Gezondheidsprogramma
Een jaar lang konden medewerkers mee doen aan het Ericsson Gezond Programma. Ben ik nog gezond en kan ik deze ratrace vol blijven houden? Per kwartaal werd een thema opgepakt: thema’s als bewegen, voeding, slapen en mindfulness zijn onder de aandacht gebracht.
In de gezondheidstest kregen medewerkers een bloedtest, waarin cholesterol en suikerwaardes gemeten worden. Indien noodzakelijk volgde daarna een gesprek met de huisarts. Er is bewust gekozen voor de inzet van een huisarts en niet de bedrijfsarts. Een huisarts zegt iets over “jou” als medewerker en niet over “jou” in je werk. Er ontstond hierdoor gelijk een positieve vibe op het werk. Onderlinge vergelijkingen van “hoe oud ben jij nu eigenlijk?” waren het gesprek van de dag. Zo konden beginnende klachten bij medewerkers snel herkend worden, bijvoorbeeld diabetes, obesitas, hoge bloeddruk. Hartklachten en hoge bloeddruk kan gerelateerd zijn aan werkdruk en is dus belangrijk om te herkennen en op te kunnen pakken. Ericsson zelf had geen inzicht in wie welke klachten had, mensen zijn indien nodig door de huisarts doorverwezen. Deze mensen zijn nu bewust van hun situatie en kunnen zelf actie ondernemen. Ericsson organiseerde dit samen met de collectieve zorgverzekeraar die hier ook budget voor beschikbaar stelde.

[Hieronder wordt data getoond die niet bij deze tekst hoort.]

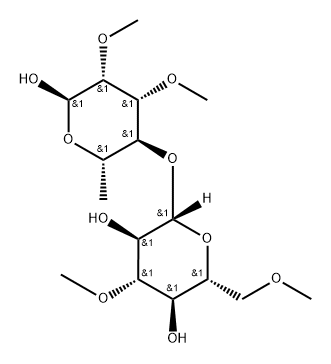 3,6-di-O-methyl-beta-glucopyranosyl-(1-4)-2,3-di-O-methyl-alpha-rhamnopyranose Structure
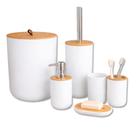 Kit Banheiro 6 Peças Branco c/ Bambu Luxo Porta Escova Dispenser Lixeira Suporte Sabonete Acessórios Kit Banheiro 6 Peças Branco c/ Bambu Luxo Porta Escova Dispenser Lixeira Suporte Sabonete Acessórios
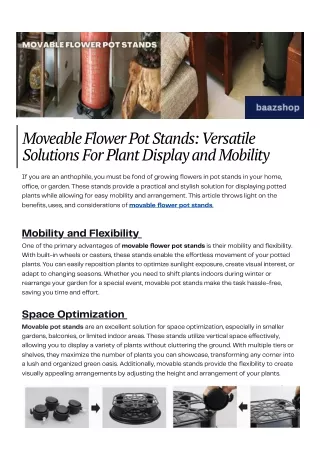 Moveable Flower Pot Stands Versatile Solutions For Plant Display and Mobility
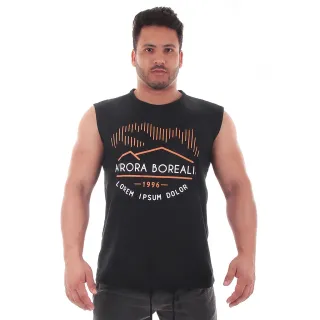 Estampada Camiseta Regata Masculina Verão Casual - BRANCO 2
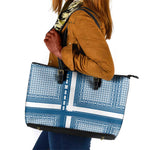 Comoros Leather Tote Bag - Blue and White Traditional Geometric Pattern and National Flag Detail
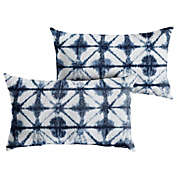 Outdoor Living and Style Set of 2 14" x 24" Indigo Blue and White Geometric Sunbrella Indoor and Outdoor Lumbar Pillows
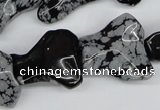 CWG06 15.5 inches 25*33mm wavy freeform snowflake obsidian beads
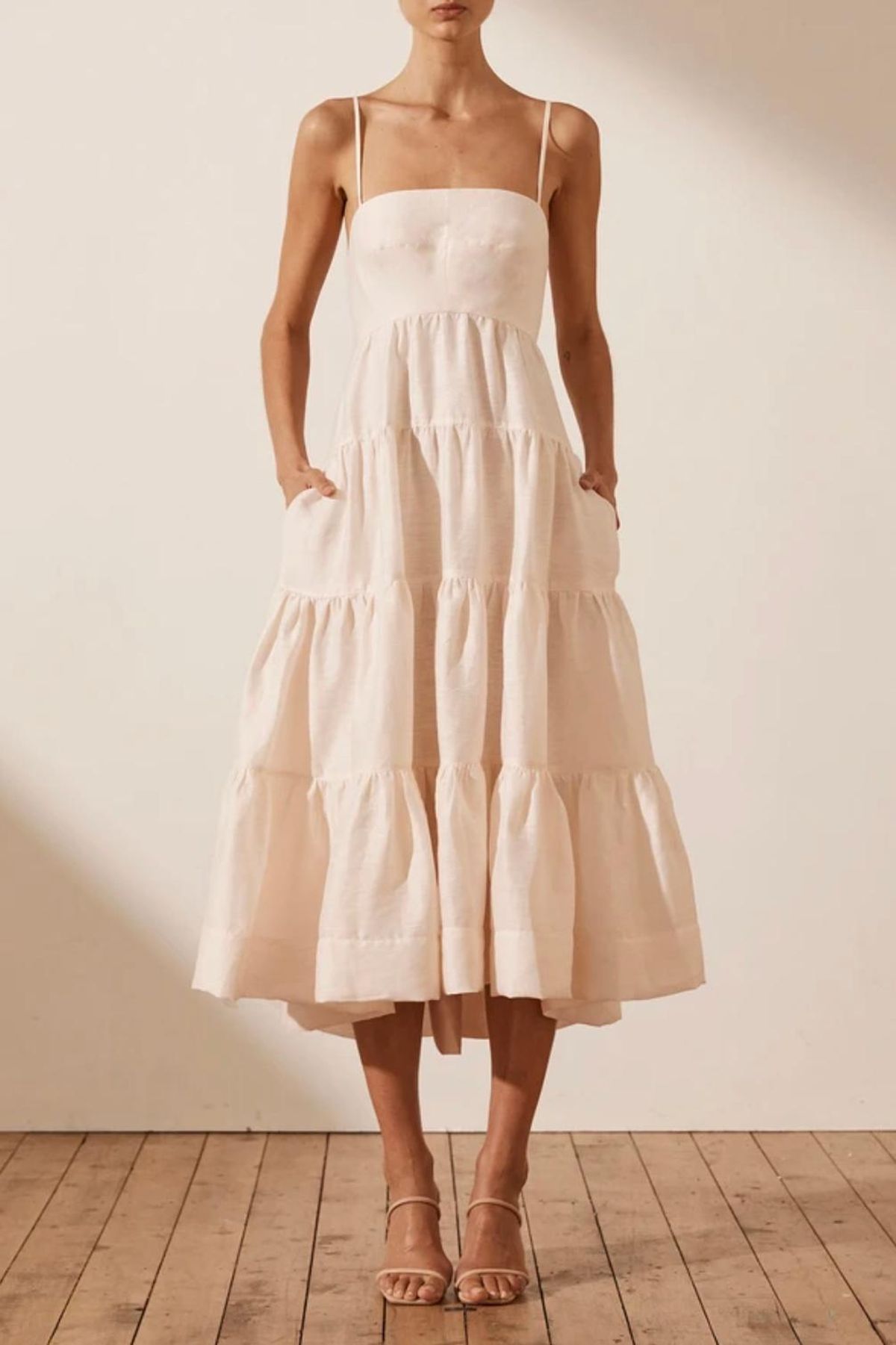 Shona Joy Elsa Tiered Midi Dress White NOT AVAILABLE for rent on The Volte - main image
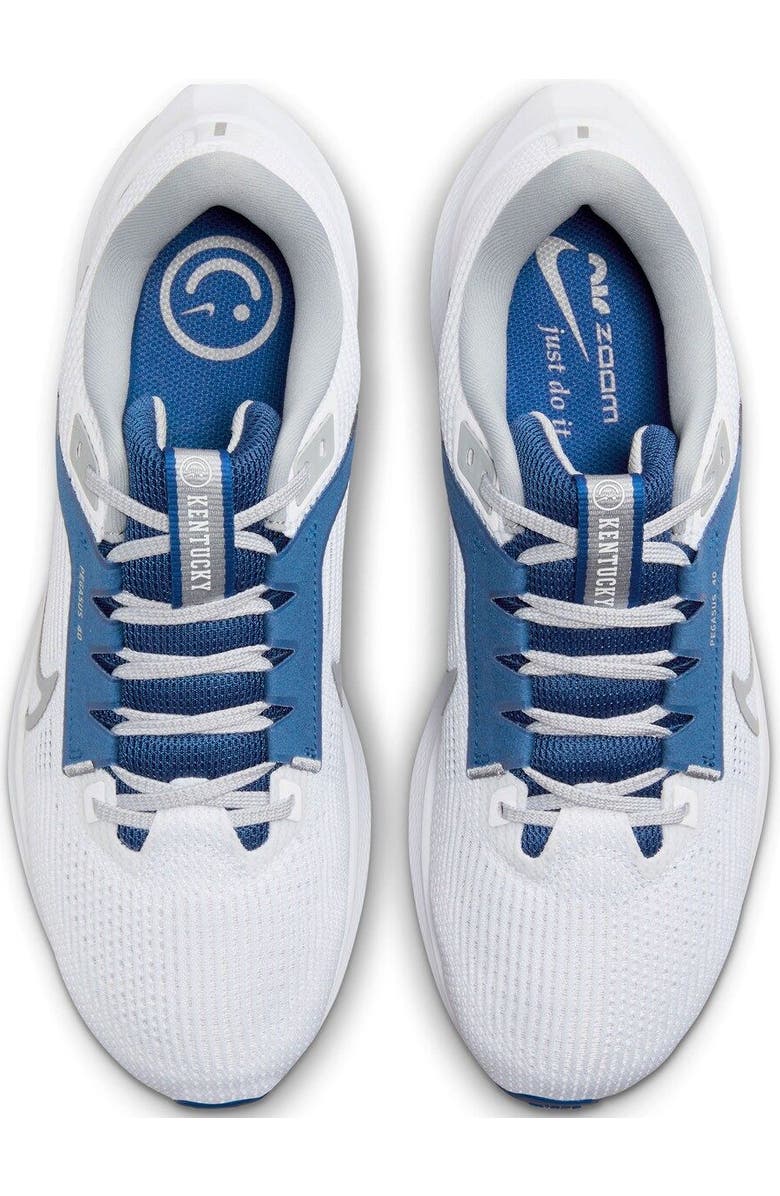 Nike Unisex Nike White Kentucky Wildcats Zoom Pegasus 40 Running Shoe, Alternate, color,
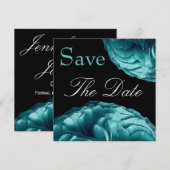 Elegant Turquoise Roos Wedding Save the Date (Voorkant / Achterkant)
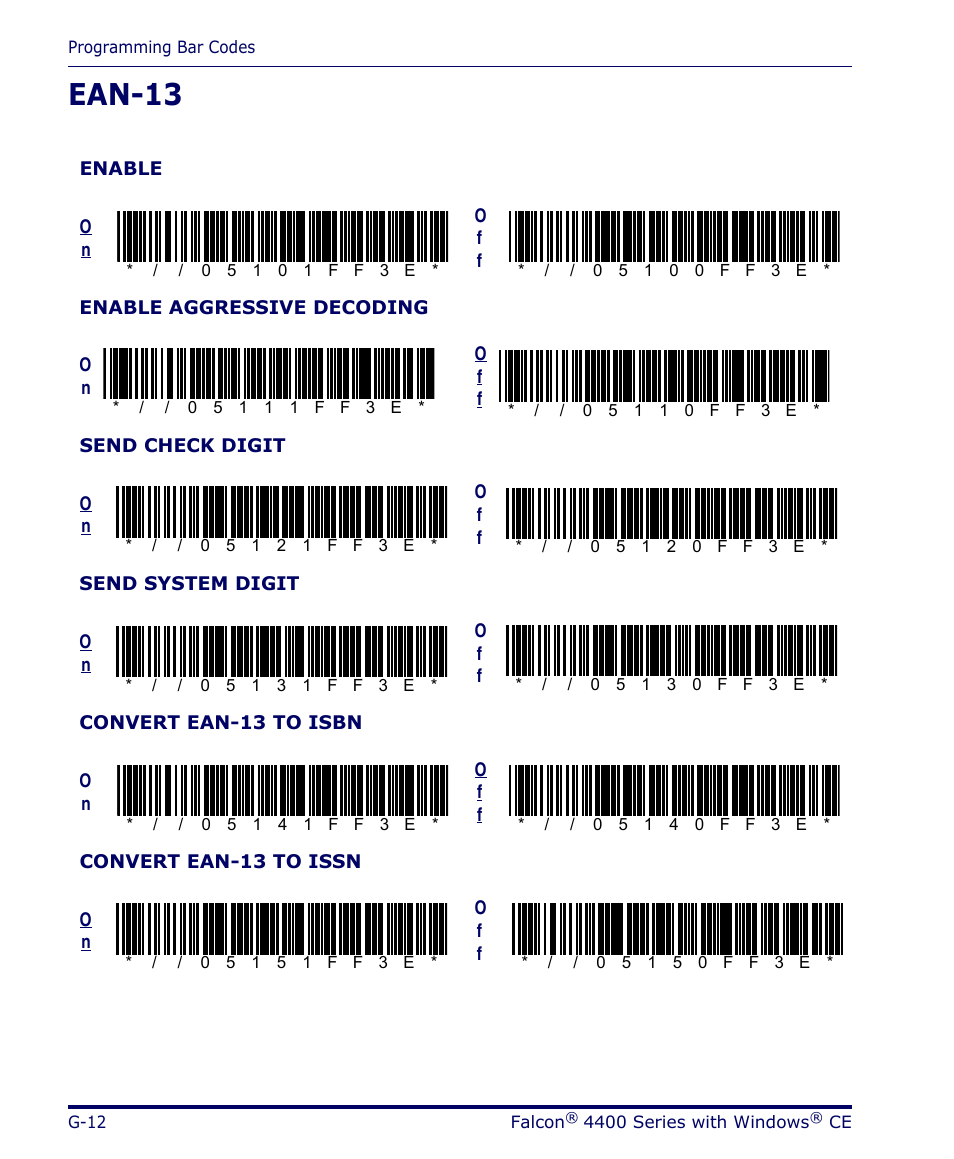 Ean-13, G-12 | Datalogic Scanning 4420 User Manual | Page 184 / 240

Ook werden er massaal fitbits verstrekt en er ontstond een interne competitie “beweeg je wel voldoende?” Medewerkers zijn zich nu meer bewust dat de verantwoordelijkheid voor gezondheid bij jezelf ligt en zijn er veel actiever mee bezig.
Demotie is geen taboe meer
Bij Ericsson wordt er ook over gesproken als het werk moeilijker wordt. Met het stijgen van de leeftijd ervaren sommige medewerkers dat het (steeds sneller) ‘aanpassen’ aan nieuwe technologie lastiger wordt. Waarom zou het niet mogelijk zijn om dan een stapje terug te doen? Bij Ericsson betekent dit ook een stapje terug in salaris. Mensen zijn zelf verantwoordelijk voor hun eigen carrière en alle opties zijn daarin bespreekbaar. De interne job portal kan voor medewerkers het inzicht vergroten in wat de mogelijkheden kunnen zijn. Bij Ericsson stellen ze de medewerker de vragen: hoe blijf jij goed, gezond en fit aan het werk? Wat heb jij nodig om fluitend naar je werk te gaan? Zijn er belemmeringen t.a.v. je werk? Dat is een hele beweging. Voorheen lagen deze vragen vooral bij de werkgever.
Andere vormen van leren
Ericsson past ander vormen van leren toe. Niet meer klassikaal, maar middels e-learning modules. Zo ben je snel op de hoogte van de laatste ontwikkelingen, kun je je eigen tempo aanhouden en zelf bepalen in welke onderwerpen je je wilt verdiepen. Tijdens werktijd mag je leren, daar kijkt niemand meer vreemd van op.
Ziet Ericsson al vooruitgang? Daarvoor zijn ze nog te kort bezig, geeft Loet aan. Het ziekteverzuim bij Ericsson is altijd al onder het landelijk gemiddelde geweest. Dus daar zien ze geen verbetering. De maatregelen zijn vooral bedoeld om de bewustwording en het inzicht te vergroten om iets te doen aan mogelijke verminderde inzetbaarheid, klachten en uitval in de toekomst.